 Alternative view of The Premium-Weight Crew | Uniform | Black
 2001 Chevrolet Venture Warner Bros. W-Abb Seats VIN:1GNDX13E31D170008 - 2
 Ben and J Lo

:: Your objective ::
Write the whole listing out again, exactly as it appears above.

:: Reply ::
 Alternative view of The Premium-Weight Crew | Uniform | Black
 2001 Chevrolet Venture Warner Bros. W-Abb Seats VIN:1GNDX13E31D170008 - 2
 Ben and J Lo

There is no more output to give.